Published: 20 April 2019

This page contains information for better understanding how the deepfifo module works. For downloading and using deepfifo, please refer to this page.

Principle of operation

As shown in the diagram below, the solution consists of the following elements:

  • The deepfifo Verilog module
  • The “Pre FIFO”, which is a standard dual-clock FPGA FIFO. This FIFO is connected between the data source and the deepfifo module.
  • The “post FIFO”, which is also a standard dual-clock FPGA FIFO, connected between the deepfifo module and the data sink.
  • An AXI slave, which exposes a memory.

deepfifo block diagram

The deepfifo module is always in one of two modes:

  • Bypass mode: In this mode, the Pre FIFO and Post FIFO behave like one FIFO with double depth. The module simply moves data directly from the Pre FIFO to the Post FIFO. More precisely, for each rising edge of the AXI bus clock, one data element is read from the Pre FIFO and written to the Post FIFO, unless the Pre FIFO is empty and/or the Post FIFO is full.
  • Non-bypass mode: Bursts of data from the Pre FIFO are moved into the AXI slave, and likewise data from the AXI slave is moved to the Post FIFO.

The module starts at bypass mode after reset. It goes into non-bypass mode when the number of elements in the Pre FIFO goes above a threshold level, which is an indirect result of the Post FIFO being full while data arrived from the data source.
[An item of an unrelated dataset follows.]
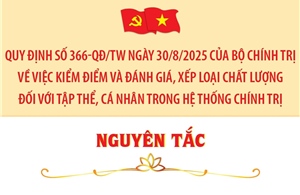 Nguyên tắc kiểm điểm và đánh giá, xếp loại chất lượng đối với tập thể, cá nhân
Going into non-bypass mode, data from the Pre FIFO being moved into the RAM, and data is moved from the RAM into the Post FIFO whenever there’s room for it. As the data transfers with the RAM take place in bursts, data is moved in non-bypass mode only when a full burst can take place.

It’s possible for the RAM to be completely filled with data, in which case the Pre FIFO will not be drained, and it may become full. This mimics the behavior of a standard FIFO.

The module returns to bypass mode when the RAM contains no data (all data has been delivered to the Post FIFO) and the Pre FIFO’s number of elements is below the same threshold level. This mimics the behavior of a standard FIFO for data segments smaller than an AXI burst, in particular as the virtual FIFO becomes empty.

Design principles

The main goal of deepfifo’s design is not to push your luck with the AXI slave it works with. Accordingly:

  • Read / write bursts are issued with a constant length, hence avoiding corner cases related to crossing alignment boundaries and less commonly used burst lengths.
  • Once a burst has been requested, the data flow is never throttled by this module: The RREADY and WVALID signals are held asserted as long as there are outstanding bursts in the relevant direction. Some AXI slaves don’t allow data throttling at all, and others may expose corner-case bugs when throttled with unfortunate timing.
On the other hand, deepfifo does trust the AXI slave in some aspects:
  • The AXI slave’s RLAST signal is used for keeping track of arriving bursts. The number of words that arrived aren’t counted — it’s assumed that the slave sent the number requested.
  • The write response channels (BVALID/BREADY) are used as an indication that the write has been completed, in the sense that a read request from the same address yields correct data. This is based upon the AXI standard.
  • The controller assumes that read and write AXI bursts transactions are successful, and ignores the status signals BRESP and RRESP (which might indicate an error if such has occurred)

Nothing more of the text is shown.